:: Data records ::
• • • • • • •
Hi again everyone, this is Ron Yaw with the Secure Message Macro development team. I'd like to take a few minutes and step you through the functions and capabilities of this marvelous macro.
• • • • • • •
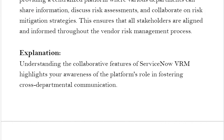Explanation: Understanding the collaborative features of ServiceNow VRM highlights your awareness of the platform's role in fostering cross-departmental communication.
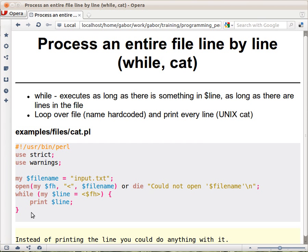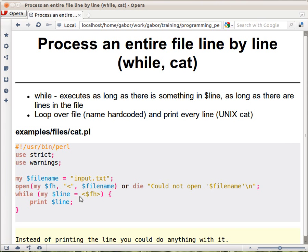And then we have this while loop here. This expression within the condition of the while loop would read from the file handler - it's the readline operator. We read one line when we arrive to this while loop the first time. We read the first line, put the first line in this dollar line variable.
• • • • • • •
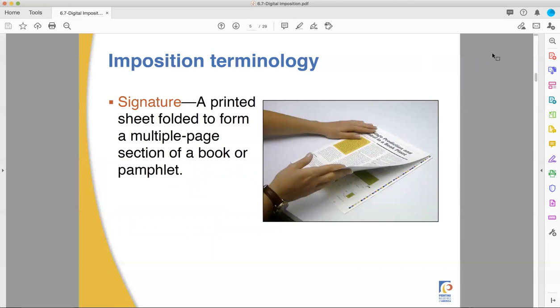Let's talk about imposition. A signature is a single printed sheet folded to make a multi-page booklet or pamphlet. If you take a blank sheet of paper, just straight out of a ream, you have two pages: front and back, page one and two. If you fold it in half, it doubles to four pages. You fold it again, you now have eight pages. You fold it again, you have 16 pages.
• • • • • • •
:: Problem details ::
Using the data above, retype exactly the lines from the line with "Explanation: Understanding the" to the line with "And then we", inclusive. No pictures and nothing else.

:: Response below ::
Explanation: Understanding the collaborative features of ServiceNow VRM highlights your awareness of the platform's role in fostering cross-departmental communication.
And then we have this while loop here. This expression within the condition of the while loop would read from the file handler - it's the readline operator. We read one line when we arrive to this while loop the first time. We read the first line, put the first line in this dollar line variable.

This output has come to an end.